In an attempt to trace the cultural and family origins of the artist, who lives and works in
Morocco, one ends up making a long trip to the Middle East and Europe, in the years of
wars, in the stories of love and abandonment.
The condition of the contemporary world is that of cultural miscegenation;
multiculturalism takes on, in the theoretical perspective of the scholars of Cultural
Studies, an entirely positive character, a new force that helps to reorganize the social
spaces in new forms of society, to structure new practices, to problematize new theories
of self-representation and of the border. As a way to overcome disciplinary boundaries,
and of the diktats that each culture requires the individual, such condition, of escape
from the space given, assumes an uprooting and displacement into another place that
has reverberations on the individual.
Whether fleeing from war or going away to look for work, to build a life that may satisfy
wants and needs, the departure means the loss of contact with one’s homeland. In the
condition of exile, man becomes an uprooted tree like in story told by Houda Terjuman,
and the exhibition Terre et recines turns into the story of a distressful and painful
process of stability retrieval in the floating and liquid space of the contemporary.
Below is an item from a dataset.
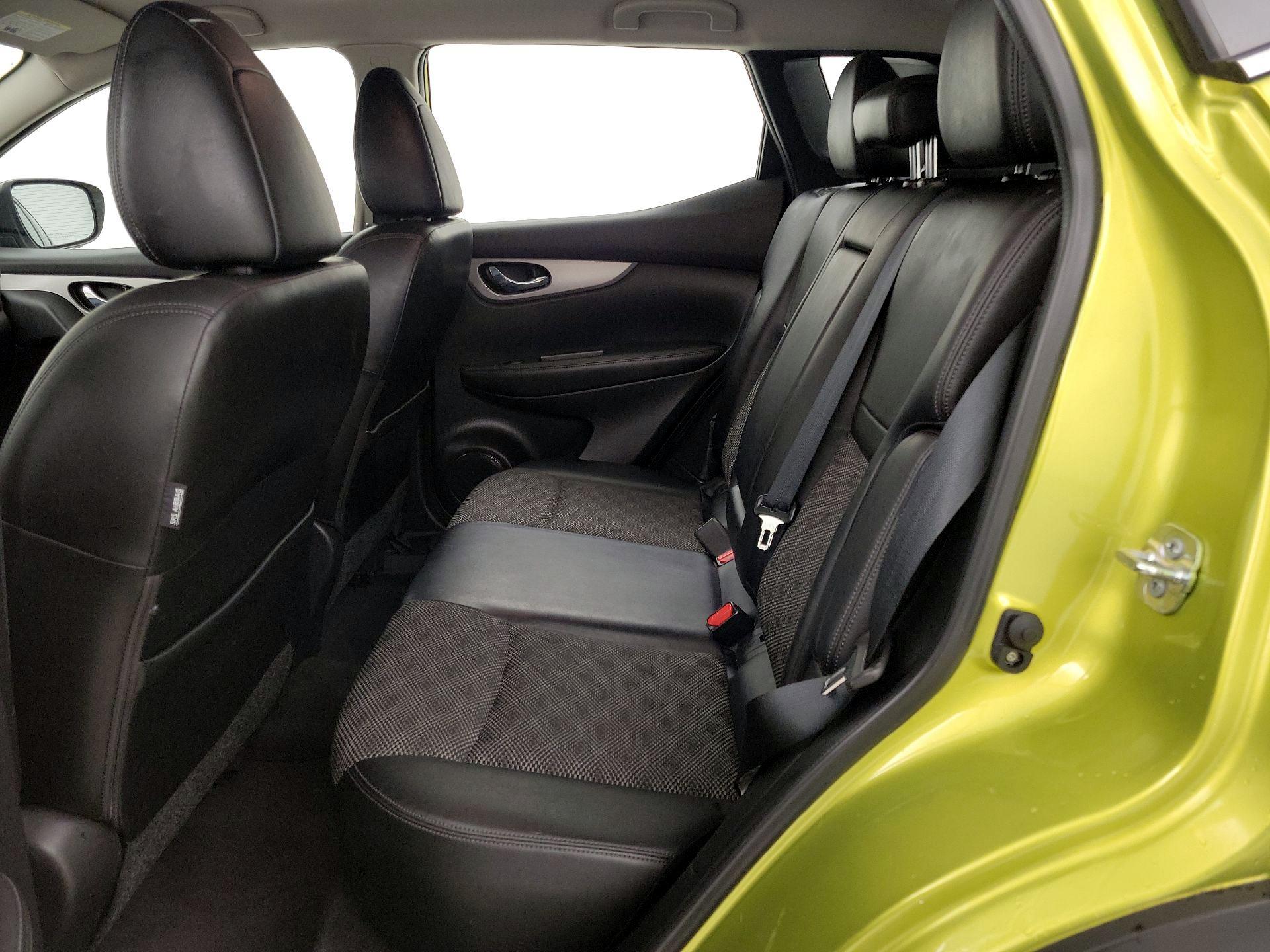 Thumbnail: 2020 Nissan Rogue Sport - 19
Sculpture, as Heidegger reminds us, is a function which creates space that becomes a
place for dwelling and negotiation of identity processes in the confrontation with
otherness. The artist could not but choose the three-dimensional medium of sculpture to
decline through the three phases – that of uprooting and exile, and therefore of suffering,
that of negotiation in the contact with each other, and thus of dwelling, that of resilience
and peace and thus of resting – the stages of a process that involves individuals,
communities and the world.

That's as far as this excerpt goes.